None of the four natural-resource-related recommended priority projects, the second core strategy, were located in the northern mid-Hudson metro counties.
Four of the six recommended infrastructure projects, the third core strategy, were in the northern metro counties, three in Orange County and one in Dutchess County.
Of the non-capital-fund priority projects, three were from Ulster County: Ulster BOCES wants to provide training in the health professions for unemployed workers. Sono-Tek Corporation in Milton wants money to train all its employees in sustainability, as well as sales and machine-shop training for some workers. And the City of Kingston is seeking funding to develop a system of non-motorized mobility and to achieve smoother motorized traffic.
Evolving structures
If it follows its pattern of the past three years, the state government will fund some but not all the local REDC’s recommendations, and it will award money to many projects not on the regional priority list.
The first years of the evolving CFA process have already brought a dramatic shift in the way economic development priorities are established in New York State. Individual county and local efforts are increasingly being brought under the umbrella of this ambitious state-driven process for broad economic development. Governor Andrew Cuomo continues to describe these efforts as reflecting the priorities set by the REDCs of the ten economic-development regions. It is possible that over time such a regional structure will evolve. Meanwhile, the sense of participation that such efforts encourage can be of itself a positive dividend.

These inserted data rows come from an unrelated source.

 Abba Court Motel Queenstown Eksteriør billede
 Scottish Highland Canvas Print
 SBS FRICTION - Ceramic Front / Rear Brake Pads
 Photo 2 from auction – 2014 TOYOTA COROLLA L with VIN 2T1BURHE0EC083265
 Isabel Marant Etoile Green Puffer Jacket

Economic development is not a science, but it is a significant process. As Lord Keynes noted almost 80 years ago, positive economic activity “depends on spontaneous optimism rather than mathematical expectations.” When will what the English economist termed “the animal spirits” of business decision-making finally turn unabashedly positive?
We’re now entering the seventh year of the Great Recession, and the economy, national, state and local, still sucks. Yes, things are gradually improving, and yes, there are bright spots here and there. But as we enter 2014 the economic recovery is still far from complete. Most businesspeople still find it difficult to muster those positive animal spirits that Keynes predicted could provide a distressed economy a healthy jolt.

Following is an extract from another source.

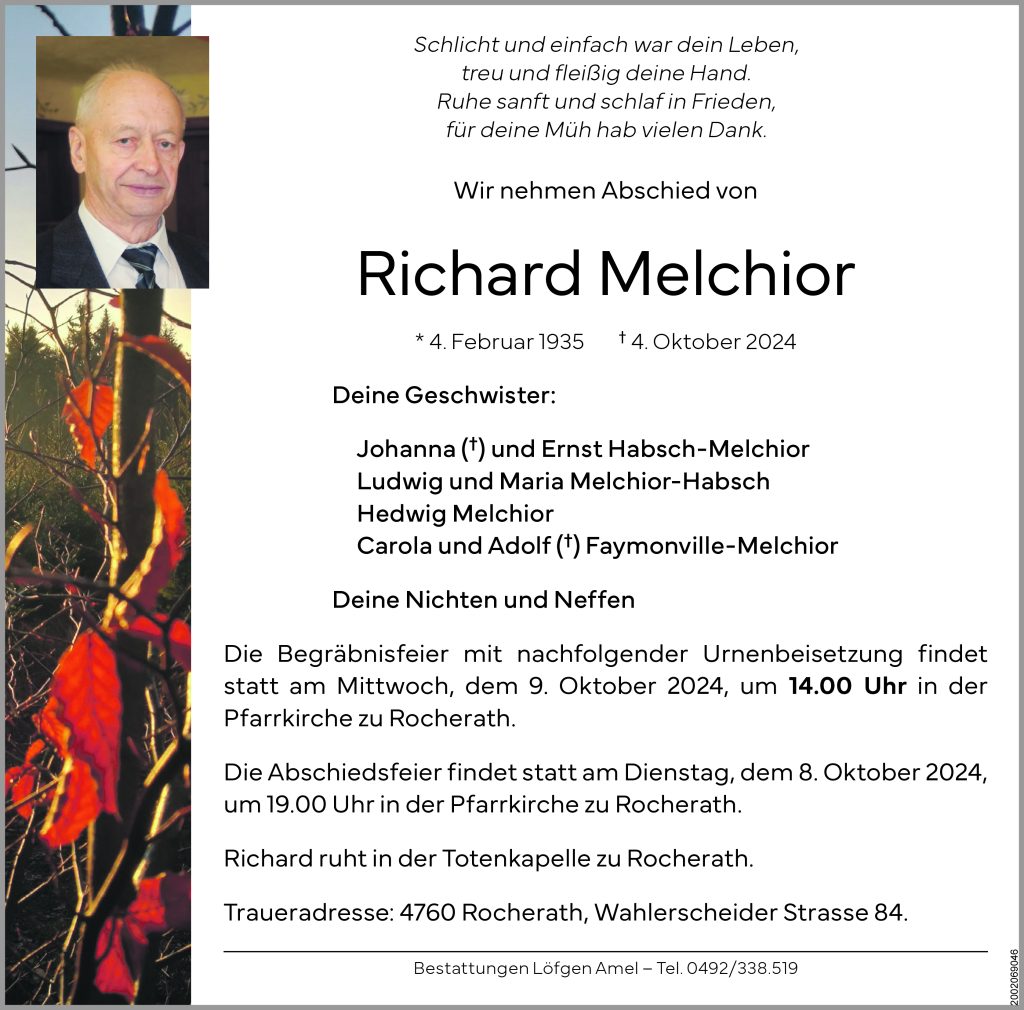 Richard Melchior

“We’ve just come through a record 48 consecutive months when unemployment stayed above eight percent,” recently stated James Parrott, chief economist at the Fiscal Policy Institute and a leader in the half-empty school of New York economic analysis. “Yes, New York State is in recovery. But we’re still not able to walk across the room without crutches, not to mention start training for a marathon.”
Ulster County, its leadership drowned in good intentions and inadequate follow-through, really hasn’t a strategy to deal with this unprecedented situation. Ulster Tomorrow, the county’s main document for strategic planning, was mostly written in 2007 and formally adopted in 2008. Its conclusions, too general to be a road map for economic development, are in most ways so obvious as to be tautological (the word is defined in rhetoric as “a self-reinforcing pretense of significant truth”). They’re also obsolete by now.

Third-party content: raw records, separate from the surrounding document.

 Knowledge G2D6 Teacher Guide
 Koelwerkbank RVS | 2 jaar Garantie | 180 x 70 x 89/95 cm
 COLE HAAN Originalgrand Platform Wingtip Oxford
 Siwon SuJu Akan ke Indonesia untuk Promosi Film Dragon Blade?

So it’s a very good thing that New York State government has stepped up to the plate in terms of leadership in economic development. The state likes to pretend that its decisions are made at the local level and pushed up through the state’s regional apparatus. And the localities like to pretend that it is their own profound understanding of economic priorities that leads to state support for their projects.
Though based on mutually illusory premises, the results from that partnership can turn out more nice than naughty. ’Tis the season.